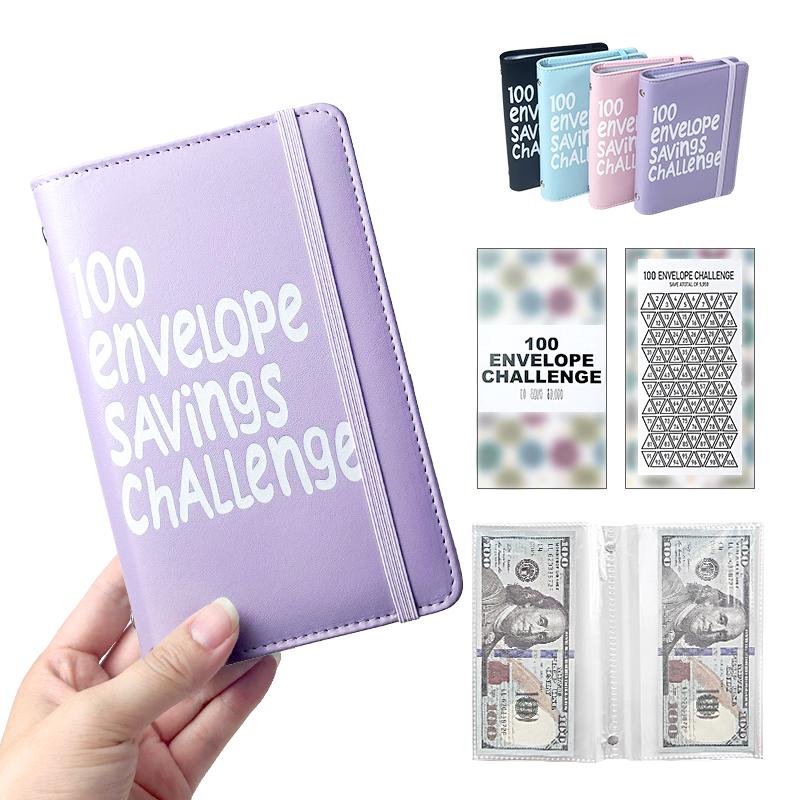 2026 New Model ✨ 100 Envelopes Money Saving Challenge 💰📈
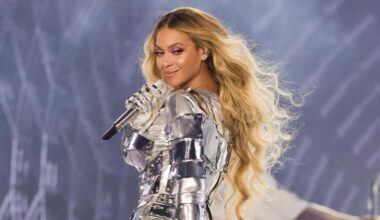 Michael Jackson Blocks Beyoncé From Charting A New No. 1 Hit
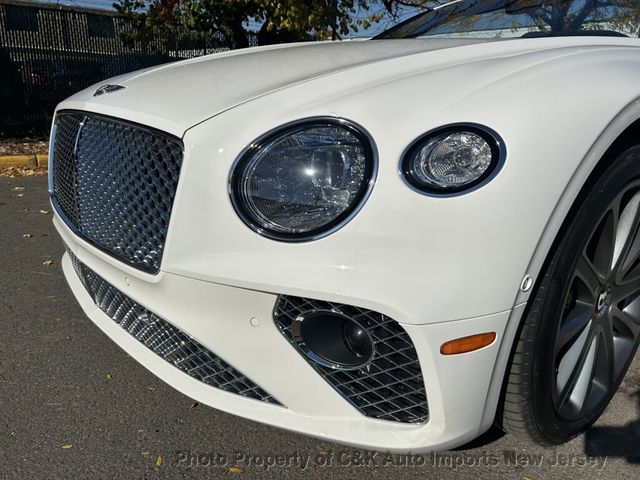 2020 Bentley Continental B&O SOUND! 21" WHEELS! TOURING SPEC! COMFORT SEATS ONLY 9K MILES - 23102067 - 26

^^^^^^^^^^^^^^^^

Work request:
Give back the full data exactly as it reads, but drop the pictures.

Expected output:
 2026 New Model ✨ 100 Envelopes Money Saving Challenge 💰📈
 Michael Jackson Blocks Beyoncé From Charting A New No. 1 Hit
 2020 Bentley Continental B&O SOUND! 21" WHEELS! TOURING SPEC! COMFORT SEATS ONLY 9K MILES - 23102067 - 26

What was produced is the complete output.